**RECORDS FOR THIS EXERCISE**
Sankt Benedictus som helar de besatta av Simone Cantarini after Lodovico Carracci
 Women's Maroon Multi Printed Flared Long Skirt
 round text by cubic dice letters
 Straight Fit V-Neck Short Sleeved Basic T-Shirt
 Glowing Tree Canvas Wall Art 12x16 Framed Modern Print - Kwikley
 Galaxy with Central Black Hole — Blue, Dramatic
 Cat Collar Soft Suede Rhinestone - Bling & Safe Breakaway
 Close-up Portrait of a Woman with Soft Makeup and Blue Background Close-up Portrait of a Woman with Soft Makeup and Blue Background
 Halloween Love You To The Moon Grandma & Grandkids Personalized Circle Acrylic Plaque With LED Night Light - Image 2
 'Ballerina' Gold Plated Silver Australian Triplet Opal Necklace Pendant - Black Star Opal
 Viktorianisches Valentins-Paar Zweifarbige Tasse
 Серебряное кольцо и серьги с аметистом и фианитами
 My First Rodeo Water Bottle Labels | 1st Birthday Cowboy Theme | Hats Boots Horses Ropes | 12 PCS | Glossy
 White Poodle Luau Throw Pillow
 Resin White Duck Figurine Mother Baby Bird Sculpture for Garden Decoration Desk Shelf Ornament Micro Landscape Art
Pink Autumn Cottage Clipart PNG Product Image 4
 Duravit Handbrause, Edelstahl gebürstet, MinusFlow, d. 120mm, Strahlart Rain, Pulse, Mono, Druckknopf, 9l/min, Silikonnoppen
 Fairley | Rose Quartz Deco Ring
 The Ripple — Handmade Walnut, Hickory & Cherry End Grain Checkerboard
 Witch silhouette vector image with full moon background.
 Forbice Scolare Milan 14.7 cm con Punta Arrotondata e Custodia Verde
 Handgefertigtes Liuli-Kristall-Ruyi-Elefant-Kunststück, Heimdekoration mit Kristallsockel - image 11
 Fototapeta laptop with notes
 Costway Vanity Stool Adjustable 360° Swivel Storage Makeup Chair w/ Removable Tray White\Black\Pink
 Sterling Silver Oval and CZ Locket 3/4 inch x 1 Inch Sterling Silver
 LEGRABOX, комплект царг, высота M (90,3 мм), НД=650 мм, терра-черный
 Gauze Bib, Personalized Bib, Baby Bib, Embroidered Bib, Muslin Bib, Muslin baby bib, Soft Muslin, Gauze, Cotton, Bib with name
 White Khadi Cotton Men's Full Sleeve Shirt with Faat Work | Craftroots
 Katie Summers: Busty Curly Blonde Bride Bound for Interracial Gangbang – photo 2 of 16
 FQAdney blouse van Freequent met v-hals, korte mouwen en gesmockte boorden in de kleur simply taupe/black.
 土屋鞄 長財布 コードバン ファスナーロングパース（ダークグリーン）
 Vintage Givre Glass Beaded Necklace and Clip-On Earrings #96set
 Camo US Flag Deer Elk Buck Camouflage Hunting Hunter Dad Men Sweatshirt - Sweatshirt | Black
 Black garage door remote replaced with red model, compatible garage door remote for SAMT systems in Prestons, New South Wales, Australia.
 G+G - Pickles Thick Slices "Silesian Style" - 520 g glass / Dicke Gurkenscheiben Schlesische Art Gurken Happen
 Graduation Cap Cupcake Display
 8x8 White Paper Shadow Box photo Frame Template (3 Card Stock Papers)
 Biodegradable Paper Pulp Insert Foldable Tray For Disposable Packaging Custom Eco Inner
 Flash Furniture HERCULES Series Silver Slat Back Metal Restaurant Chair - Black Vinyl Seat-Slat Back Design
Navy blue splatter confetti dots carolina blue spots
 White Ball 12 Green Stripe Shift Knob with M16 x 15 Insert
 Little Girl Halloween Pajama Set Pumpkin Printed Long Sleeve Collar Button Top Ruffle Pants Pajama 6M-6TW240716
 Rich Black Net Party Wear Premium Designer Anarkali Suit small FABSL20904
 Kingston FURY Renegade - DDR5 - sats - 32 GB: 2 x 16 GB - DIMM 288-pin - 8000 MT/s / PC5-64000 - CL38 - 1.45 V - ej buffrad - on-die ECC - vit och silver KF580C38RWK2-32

**WHAT IS REQUIRED**
Give an exact copy of the lines above from the line with "Forbice Scolare Milan" up to and including the line with "LEGRABOX, комплект царг, высота", and leave everything else out.

**COMPLETED EXERCISE**
 Forbice Scolare Milan 14.7 cm con Punta Arrotondata e Custodia Verde
 Handgefertigtes Liuli-Kristall-Ruyi-Elefant-Kunststück, Heimdekoration mit Kristallsockel - image 11
 Fototapeta laptop with notes
 Costway Vanity Stool Adjustable 360° Swivel Storage Makeup Chair w/ Removable Tray White\Black\Pink
 Sterling Silver Oval and CZ Locket 3/4 inch x 1 Inch Sterling Silver
 LEGRABOX, комплект царг, высота M (90,3 мм), НД=650 мм, терра-черный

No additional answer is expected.